“Big” leap of faith here: I’m sure you’ve heard of the phrase “no such thing as a free lunch.” I’m equally sure that most of you believe that phrase also.
By the way, how’s that “free” webmail or social media account of yours doing?
I’m going to do my best to dodge the entire “terms and conditions” conversation when using a free service in this piece, however exciting and important, instead focusing on one specific thing many give thanks for this Thanksgiving month: your data.
Perhaps lost on many of us is how much data we actually produce, transmit, share, have stolen, and yes, even lost.
Do you have a device on? You’re probably producing data, however insignificant you think it is.

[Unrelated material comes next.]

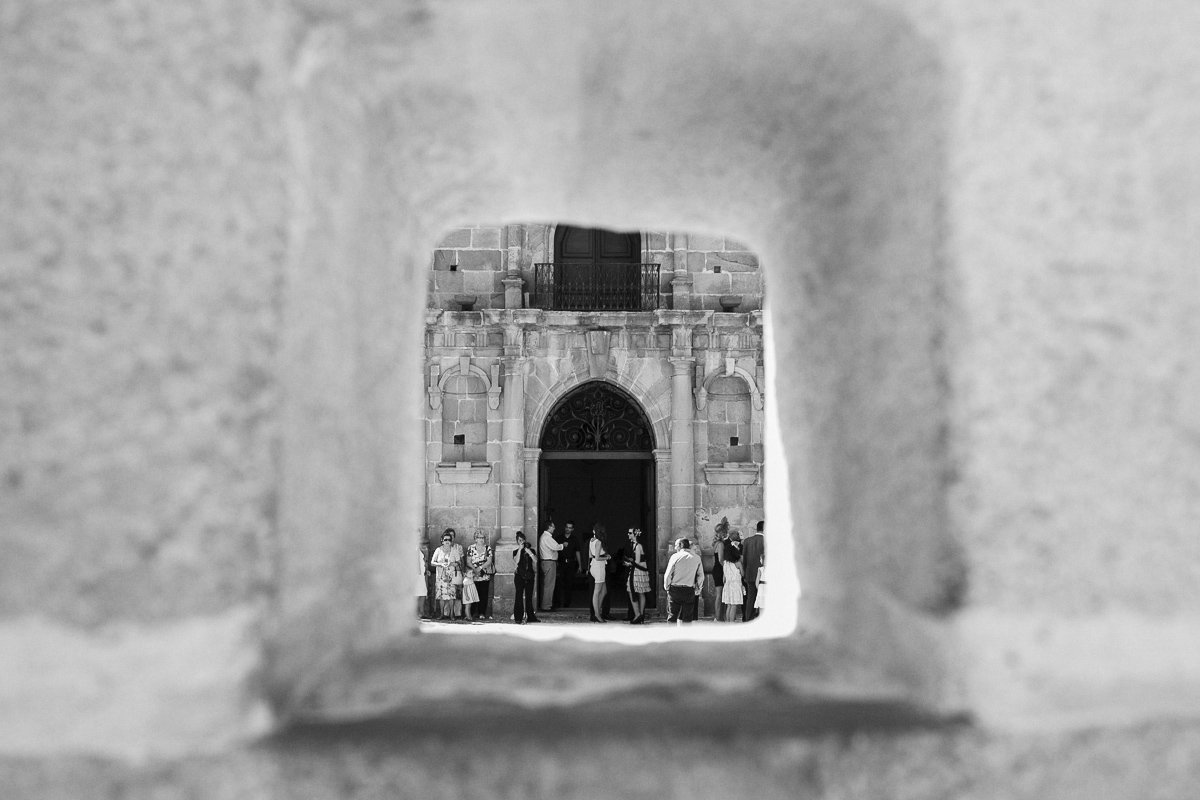 Boda en Los Barrios y Salones El Coto en Campamento - Cuatro Corazones Fotografía por Juanlu Corrales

Are you on an idle, but active connection? You’re probably transmitting data, however benign you believe it is.
Using an insecure connection? You’re probably leaving yourself open to data theft and loss.
Using a third-party service or app? You’re probably handing somebody oodles and oodles of data.
Remember, the funny thing about data is that you do not need to have a huge file size to still have a lot of data. An entire book 250 pages long, written in plain text (using Notepad or some similar program) may be less than 0.5MB in total file size.
Now imagine instead of words in a novel, those 250 pages were log in/out details, e-mail addresses, contacts, GPS coordinates, financial transactions, or customers? You’re catching my drift I hope: files small in data size are not necessarily small in data richness; in fact, they can be data treasure troves.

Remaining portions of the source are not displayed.